A few notes on some recently encountered awesomeness:
-Ian McDonald, Matt Connors, and Gregory Lind at [ 2nd floor projects ]. McDonald's muted ceramic sculptures were a perfect foil to Connors's stacks of vibrantly-painted canvases with a beautiful edition by Gregory Lind to accompany. I've said it before and I'll say it again: I love this space and how thoughtfully Margaret Tedesco puts together each show.
-Carl Lipo and Terry Hunt seminar hosted by the Long Now Foundation. Lipo and Hunt shared their paradigm-shifting research about what they believe really happened on Easter Island. For example watch the video above to see how the statues were likely moved across the island, and read their book The Statues That Walked for the full scoop.

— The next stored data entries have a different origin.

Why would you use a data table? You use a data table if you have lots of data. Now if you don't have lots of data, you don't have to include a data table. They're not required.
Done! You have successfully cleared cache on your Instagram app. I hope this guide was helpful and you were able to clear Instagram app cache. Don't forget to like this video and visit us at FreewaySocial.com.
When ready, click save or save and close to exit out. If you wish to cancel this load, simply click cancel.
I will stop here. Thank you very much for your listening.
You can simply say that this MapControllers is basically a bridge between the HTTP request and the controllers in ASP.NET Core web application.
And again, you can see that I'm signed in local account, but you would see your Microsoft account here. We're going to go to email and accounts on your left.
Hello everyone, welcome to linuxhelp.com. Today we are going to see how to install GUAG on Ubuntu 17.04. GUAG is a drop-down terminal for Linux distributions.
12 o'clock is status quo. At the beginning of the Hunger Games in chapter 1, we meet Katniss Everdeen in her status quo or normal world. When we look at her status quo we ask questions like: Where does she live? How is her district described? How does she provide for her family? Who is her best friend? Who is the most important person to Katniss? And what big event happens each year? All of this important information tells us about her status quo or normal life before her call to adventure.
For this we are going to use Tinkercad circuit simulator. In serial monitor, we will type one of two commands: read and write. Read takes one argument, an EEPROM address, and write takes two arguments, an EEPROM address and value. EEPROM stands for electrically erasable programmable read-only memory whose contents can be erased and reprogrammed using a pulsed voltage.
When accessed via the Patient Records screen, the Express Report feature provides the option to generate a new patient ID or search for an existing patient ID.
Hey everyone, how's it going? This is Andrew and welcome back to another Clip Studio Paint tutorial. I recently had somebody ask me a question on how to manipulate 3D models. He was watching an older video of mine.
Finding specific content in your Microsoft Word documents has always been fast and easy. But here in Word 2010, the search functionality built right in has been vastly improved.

-Will Tait, Rebecca Fogg, and Sgraffito Studio in Emeryville. If it weren't for my best friend's cat Tagalong deciding he liked them I never would have met this very talented artist couple or gotten a peek inside their amazing studio and gallery on San Pablo. You might have seen the outside, with its twisting metal vines in place of bars. Inside is a metal- and wood-working shop with enough specialized machinery and engineering cleverness to make me grin with glee.
-Three Shows curated by Jackie Im and Aaron Harbour at Royal Nonesuch Gallery. Mounting three shows in three consecutive weeks might destroy the average curator, but Im and Harbour have a lot of fun with the task they've set for themselves. I enjoyed the work by "two Bensons" when I was in the gallery Saturday, and this coming weekend is the final show: Object Oriented: An exhibition of obscured, misdirected, and/or autonomous objects and sites.
-Translocura: Art on the Brink of Madness at Headlands Center for the Arts. Curated by John Jota Leaños, this group show offers work by local artists that is in turn funny, disturbing, and contemplative. Well worth the drive, especially if it's a sunny weekend.
-MLK Day of Service with WE CARE Solar at the Tech Museum of Innovation. Bay Area students building "solar suitcases" to send to schools in Sierra Leone and an orphanage in Uganda? Dr. King would have been proud.